Consequently, deaths caused by penetrating trauma are significantly more likely to occur in the emergency department or the operating room than deaths caused by blunt trauma, which predominantly occur in the ICU. Hypoperfusion and its sequelae are the usual cause of death within the first 72 hours, whereas ICU deaths 2 or more weeks later are usually from complications related to sepsis, the systemic inflammatory response syndrome (SIRS), or multiple organ dysfunction syndrome 127.

General factors that predict increased mortality from penetrating abdominal trauma include the following:

  • Female sex
  • Long interval between injury and operation
  • Presence of shock on admission
  • Coexisting cranial injury

Patients who present to the ED in the early postoperative period with abdominal pain or signs of infection should be strongly considered for CT scan and surgical consultation.

The death rate (mortality rates of more than 50%) is markedly influenced by prehospital hypotension, massive hemorrhage, arrest in the field or on presentation, acidosis with an initial pH less than 7, lactate level greater than 20 mmol/L, or base deficit more negative than -15 mEq HCO3 127.

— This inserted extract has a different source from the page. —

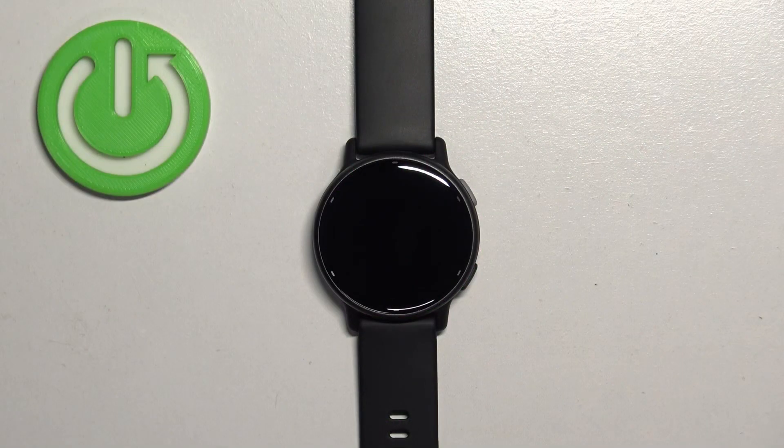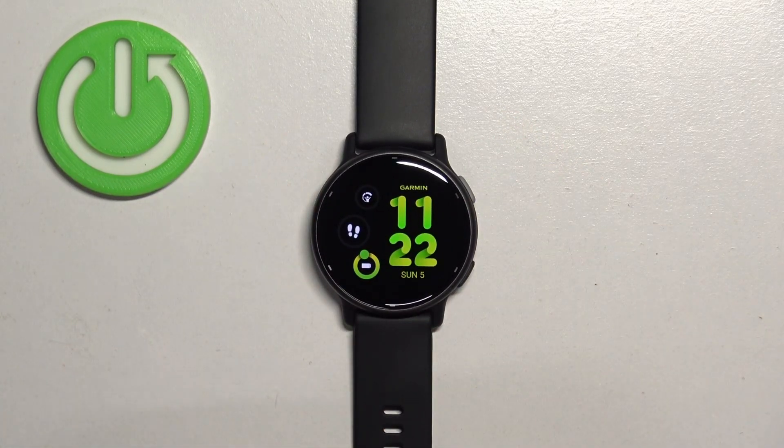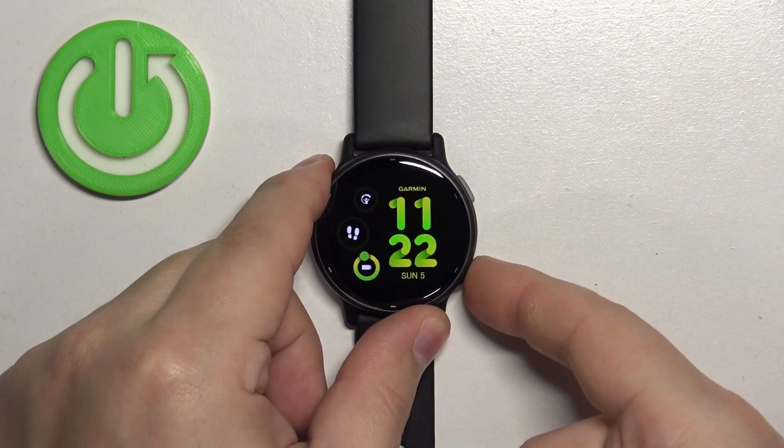The first thing we need to do is wake up the screen on our watch. You can do it by pressing any of the buttons. After you wake up the screen, press and hold the lower back button to open the menu.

In a series by Nicholas and colleagues 125 of 250 patients with penetrating abdominal trauma and positive laparotomies, the overall survival was 86.8%. Mortality was found to be associated with the number of organs injured, vascular injury, and the need for damage-control surgery, emergency department thoracotomy, or operating room thoracotomy.

While damage-control surgery has been used with some success in the management of patients with extensive abdominal trauma, it is associated with significant morbidity, including sepsis, intra-abdominal abscess, and gastrointestinal fistula, according to Nicholas et al 125.